In this assignment you will learn how to use software to analyze book-length texts.
Students will learn be able to:
Identify how historical novels can be used to study the past.
Correctly identify the century and country in which Miguel de Cervantes, William Shakespeare, and Wu Cheng-en wrote, and about what region each author wrote.
Enter texts into Voyant and words into Ngrams.
Interpret the Voyant and Ngram outputs for historical importance.
Write about how distant learning informs our understanding of the past.
Miguel de Cervantes wrote Don Quijote at the very beginning of the 17th century (1605–1615). Most literature scholars agree it is one of most important novels of the last 500 years. Similarly, Journeys to the West, published by Wu Cheng-en in 1592, is considered a classic of Chinese literature, and recounts the humorous exploits of a Monkey king in 100 chapters. William Shakespeare wrote 38 plays and many poems that forever shaped the English language.
Taken together, these two novels and one collection of plays offer a substantial introduction to the historical though of the English, Spanish, and Chinese around the turn of the 17th century. Ideally, we’d read all the works and then compare how each author treated certain subjects. However, it is unrealistic to read that much literature in one course. Yet, we may still analyze all of these texts by using distant reading.
To start, let’s just explore how using lots of words differs from using just a few words. For one, we can’t read word-for-word everything we’re going to analyze. When you read a newspaper article, you understand each word as you read it and you think about the overall meaning of the words in a sentence, and the meaning of the sentence in a paragraph. This is a type of reading is what we call “close reading” and you’ve been doing it since you could read.

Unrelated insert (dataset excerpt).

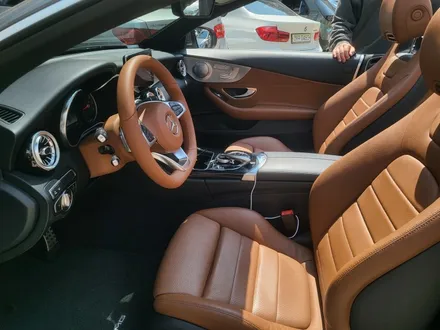 [벤츠 C클래스 w205 카브리올레] 실내도색커스텀, 브라운 핸들 컬러 체인지 / 인천 서구, 부평, 부천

“Distant reading” uses digital tools, such as Ngrams and Voyant, to look at large groups of words, entire collections of texts in fact. Figuratively standing this far back from the words, we need some help understanding patterns that might emerge. So we use “Big Data” that is software or web sites that collect, process, and explain large amounts of data in a way we probably couldn’t do on our own personal computers.
Read articles and view tools.
Google scanned thousands of books, and now we can ask one of their databases about the number of times a word appears in books written since 1500. To be clear, Google has not scanned all books in the world, or even all the books in English, but that doesn’t make their tool useless, just not all inclusive.

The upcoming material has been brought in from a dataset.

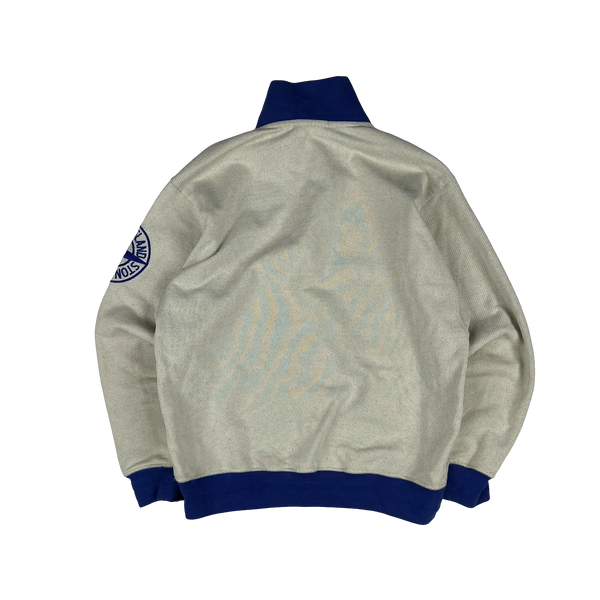Stone Island 2021 Cotton Quarter Zip Jumper - Medium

Ngrams shows the incidence (number of times in a given year) a word appears in books over time.
What you see is the trend in usage for words. The overall number of times (expressed as a percentage of the total words used) a word appears is not important to us as historians. We care about change over time.
Now, try expanding the dates to 1500–2000. You’ll see that there are big spikes in the graph before 1700 This is likely due to incomplete records, not because words became much more popular or unpopular in a short amount of time. For some years lots of books were scanned, for other books, few books were scanned.

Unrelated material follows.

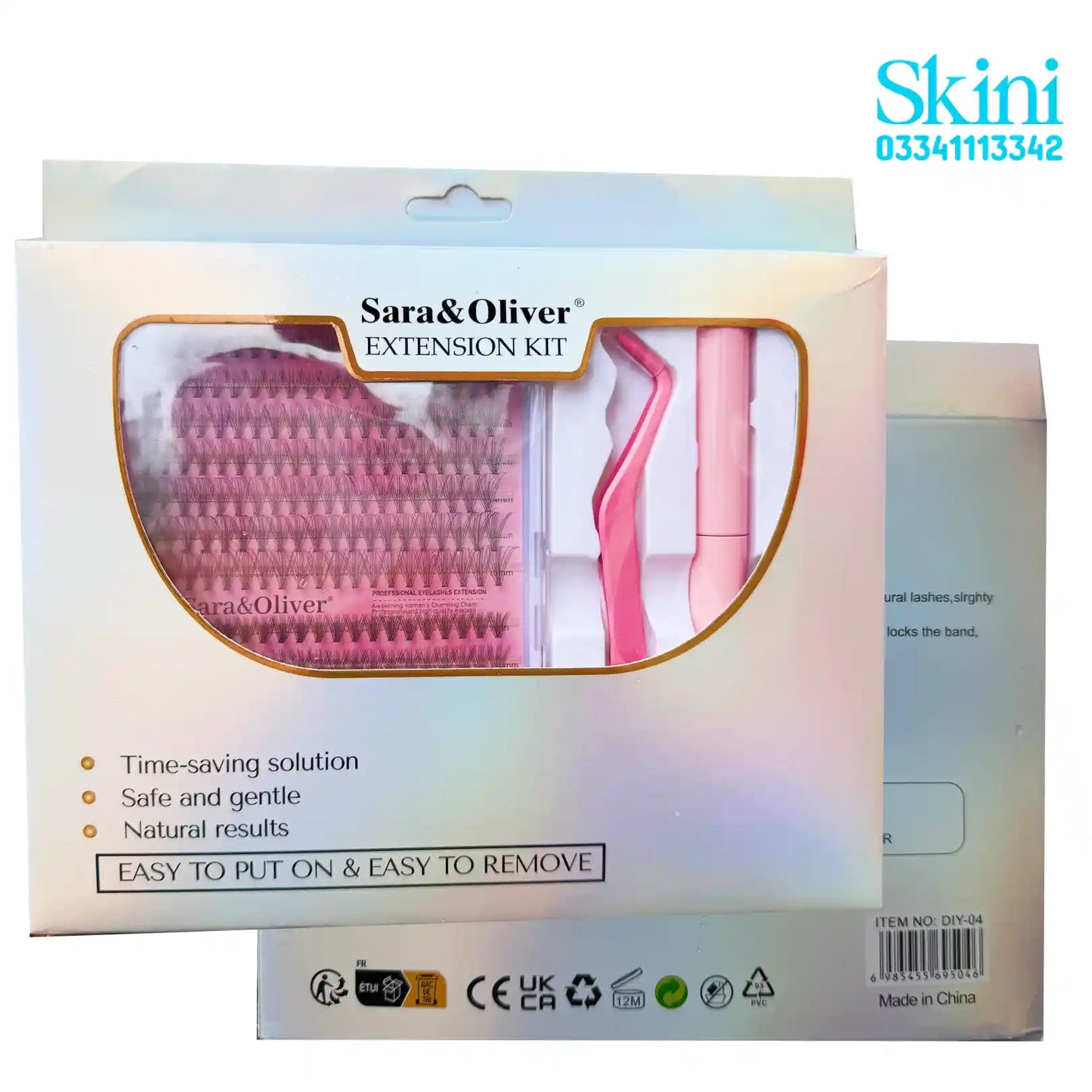 Cluster Lashes Mix Lash Rack with Glue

Once you’ve played with Ngrams for a bit, chose three words from the background readings on Shakespeare, Wu, and Cervantes, related to poverty and enter them in the Ngram viewer. What do you see? What interpretation might you make from this graph? Write up your analysis as the first paragraph for your Experiment 4 assignment.
- Mind the fallacy that the absence of evidence is not evidence of absence. Simply because a word does not apear in the data does not mean that people in the period studied didn’t use it or care about: the word just isn’t there.
Now that you’ve played with a tool that is simple to use and explores a huge body (what we sometimes call corpus) of texts, we’re going to use a more advanced digital tool that let’s use choose specific works to analyze.
You can also ask Voyant to show you what words other words are connected to with “Links.”(1) Voyant also shows the most common phrases in the collection in phrases(2).